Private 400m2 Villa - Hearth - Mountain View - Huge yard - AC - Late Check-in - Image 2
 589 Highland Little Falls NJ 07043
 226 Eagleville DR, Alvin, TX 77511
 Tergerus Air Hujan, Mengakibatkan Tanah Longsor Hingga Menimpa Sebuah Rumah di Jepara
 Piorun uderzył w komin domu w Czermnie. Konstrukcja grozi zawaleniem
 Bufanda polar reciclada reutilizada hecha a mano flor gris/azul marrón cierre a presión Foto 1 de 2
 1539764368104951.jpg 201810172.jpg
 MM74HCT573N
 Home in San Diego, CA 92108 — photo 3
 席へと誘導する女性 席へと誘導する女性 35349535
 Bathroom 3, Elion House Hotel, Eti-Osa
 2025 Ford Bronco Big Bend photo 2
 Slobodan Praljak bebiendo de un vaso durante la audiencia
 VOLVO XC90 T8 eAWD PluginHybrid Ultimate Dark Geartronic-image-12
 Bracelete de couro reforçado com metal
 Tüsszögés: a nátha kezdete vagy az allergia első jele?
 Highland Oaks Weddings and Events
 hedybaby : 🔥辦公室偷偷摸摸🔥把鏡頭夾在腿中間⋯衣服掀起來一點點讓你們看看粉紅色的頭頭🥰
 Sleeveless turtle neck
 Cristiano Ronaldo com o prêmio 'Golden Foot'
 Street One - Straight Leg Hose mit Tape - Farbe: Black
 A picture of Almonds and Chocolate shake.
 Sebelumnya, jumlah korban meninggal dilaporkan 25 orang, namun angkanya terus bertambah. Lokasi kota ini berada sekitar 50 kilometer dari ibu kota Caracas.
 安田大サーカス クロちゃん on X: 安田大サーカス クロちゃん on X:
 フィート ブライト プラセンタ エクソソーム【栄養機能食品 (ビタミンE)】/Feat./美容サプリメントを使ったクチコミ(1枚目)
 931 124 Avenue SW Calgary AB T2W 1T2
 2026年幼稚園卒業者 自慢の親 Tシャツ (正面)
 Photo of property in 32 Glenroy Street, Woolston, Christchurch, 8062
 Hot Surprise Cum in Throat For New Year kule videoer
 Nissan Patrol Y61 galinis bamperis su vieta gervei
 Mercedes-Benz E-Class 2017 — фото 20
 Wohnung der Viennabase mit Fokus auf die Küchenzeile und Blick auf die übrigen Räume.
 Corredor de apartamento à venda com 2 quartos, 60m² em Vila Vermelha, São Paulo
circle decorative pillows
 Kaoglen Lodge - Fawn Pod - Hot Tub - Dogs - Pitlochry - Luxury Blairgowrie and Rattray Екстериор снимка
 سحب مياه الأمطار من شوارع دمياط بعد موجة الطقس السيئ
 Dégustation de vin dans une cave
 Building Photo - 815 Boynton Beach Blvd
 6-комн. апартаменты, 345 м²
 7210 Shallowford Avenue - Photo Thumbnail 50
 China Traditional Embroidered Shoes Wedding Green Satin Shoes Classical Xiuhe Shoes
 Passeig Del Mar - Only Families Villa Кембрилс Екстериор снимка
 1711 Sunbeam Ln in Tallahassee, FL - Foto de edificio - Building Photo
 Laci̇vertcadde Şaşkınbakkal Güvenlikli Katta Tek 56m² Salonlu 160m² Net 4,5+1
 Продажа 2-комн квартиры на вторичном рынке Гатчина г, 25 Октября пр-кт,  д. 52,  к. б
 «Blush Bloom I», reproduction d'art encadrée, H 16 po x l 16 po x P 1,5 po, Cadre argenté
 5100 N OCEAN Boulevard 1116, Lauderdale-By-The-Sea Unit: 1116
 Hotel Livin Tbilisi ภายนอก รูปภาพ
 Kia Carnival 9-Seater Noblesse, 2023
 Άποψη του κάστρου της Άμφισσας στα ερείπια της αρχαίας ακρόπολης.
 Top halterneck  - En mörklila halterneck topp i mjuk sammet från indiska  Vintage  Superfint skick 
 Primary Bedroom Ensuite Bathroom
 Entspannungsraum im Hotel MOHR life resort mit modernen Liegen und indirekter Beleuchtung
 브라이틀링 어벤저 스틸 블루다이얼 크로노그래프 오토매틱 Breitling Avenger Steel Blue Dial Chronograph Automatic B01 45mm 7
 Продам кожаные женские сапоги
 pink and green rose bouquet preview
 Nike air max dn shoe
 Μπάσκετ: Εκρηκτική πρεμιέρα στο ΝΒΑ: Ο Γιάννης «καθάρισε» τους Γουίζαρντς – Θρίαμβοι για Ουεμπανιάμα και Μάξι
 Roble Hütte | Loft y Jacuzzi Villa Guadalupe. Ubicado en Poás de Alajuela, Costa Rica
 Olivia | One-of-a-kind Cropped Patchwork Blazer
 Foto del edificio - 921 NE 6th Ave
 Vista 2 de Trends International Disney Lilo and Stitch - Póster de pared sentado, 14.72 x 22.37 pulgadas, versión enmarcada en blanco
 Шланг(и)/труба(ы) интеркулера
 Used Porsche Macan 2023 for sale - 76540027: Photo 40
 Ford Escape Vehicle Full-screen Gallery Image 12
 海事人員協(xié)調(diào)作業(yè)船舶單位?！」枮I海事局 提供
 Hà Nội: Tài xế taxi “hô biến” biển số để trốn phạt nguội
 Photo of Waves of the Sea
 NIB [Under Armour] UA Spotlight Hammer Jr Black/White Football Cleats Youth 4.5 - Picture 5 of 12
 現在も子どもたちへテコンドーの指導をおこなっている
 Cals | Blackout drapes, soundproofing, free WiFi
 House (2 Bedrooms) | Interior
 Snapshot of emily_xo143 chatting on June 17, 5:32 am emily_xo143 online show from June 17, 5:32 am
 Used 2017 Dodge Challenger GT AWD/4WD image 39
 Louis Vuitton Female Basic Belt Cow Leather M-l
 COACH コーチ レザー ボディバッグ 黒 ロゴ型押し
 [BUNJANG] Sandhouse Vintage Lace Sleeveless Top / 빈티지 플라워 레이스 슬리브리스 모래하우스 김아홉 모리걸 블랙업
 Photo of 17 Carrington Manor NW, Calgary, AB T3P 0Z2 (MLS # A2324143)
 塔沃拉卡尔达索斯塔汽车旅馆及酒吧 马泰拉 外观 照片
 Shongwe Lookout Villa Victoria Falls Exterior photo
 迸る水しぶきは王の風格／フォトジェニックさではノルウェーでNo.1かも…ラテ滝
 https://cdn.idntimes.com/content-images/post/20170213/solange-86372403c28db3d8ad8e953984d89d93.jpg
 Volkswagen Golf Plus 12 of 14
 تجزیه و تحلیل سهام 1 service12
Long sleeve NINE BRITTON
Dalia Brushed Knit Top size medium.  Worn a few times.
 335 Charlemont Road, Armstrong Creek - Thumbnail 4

• • •

_Work task_
Copy exactly the line that contains "海事人員協(xié)調(diào)作業(yè)船舶單位?！」枮I海事局 提供" and every line after it, up to and including the last line of the records.

_Your solution_
 海事人員協(xié)調(diào)作業(yè)船舶單位?！」枮I海事局 提供
 Hà Nội: Tài xế taxi “hô biến” biển số để trốn phạt nguội
 Photo of Waves of the Sea
 NIB [Under Armour] UA Spotlight Hammer Jr Black/White Football Cleats Youth 4.5 - Picture 5 of 12
 現在も子どもたちへテコンドーの指導をおこなっている
 Cals | Blackout drapes, soundproofing, free WiFi
 House (2 Bedrooms) | Interior
 Snapshot of emily_xo143 chatting on June 17, 5:32 am emily_xo143 online show from June 17, 5:32 am
 Used 2017 Dodge Challenger GT AWD/4WD image 39
 Louis Vuitton Female Basic Belt Cow Leather M-l
 COACH コーチ レザー ボディバッグ 黒 ロゴ型押し
 [BUNJANG] Sandhouse Vintage Lace Sleeveless Top / 빈티지 플라워 레이스 슬리브리스 모래하우스 김아홉 모리걸 블랙업
 Photo of 17 Carrington Manor NW, Calgary, AB T3P 0Z2 (MLS # A2324143)
 塔沃拉卡尔达索斯塔汽车旅馆及酒吧 马泰拉 外观 照片
 Shongwe Lookout Villa Victoria Falls Exterior photo
 迸る水しぶきは王の風格／フォトジェニックさではノルウェーでNo.1かも…ラテ滝
 https://cdn.idntimes.com/content-images/post/20170213/solange-86372403c28db3d8ad8e953984d89d93.jpg
 Volkswagen Golf Plus 12 of 14
 تجزیه و تحلیل سهام 1 service12
Long sleeve NINE BRITTON
Dalia Brushed Knit Top size medium.  Worn a few times.
 335 Charlemont Road, Armstrong Creek - Thumbnail 4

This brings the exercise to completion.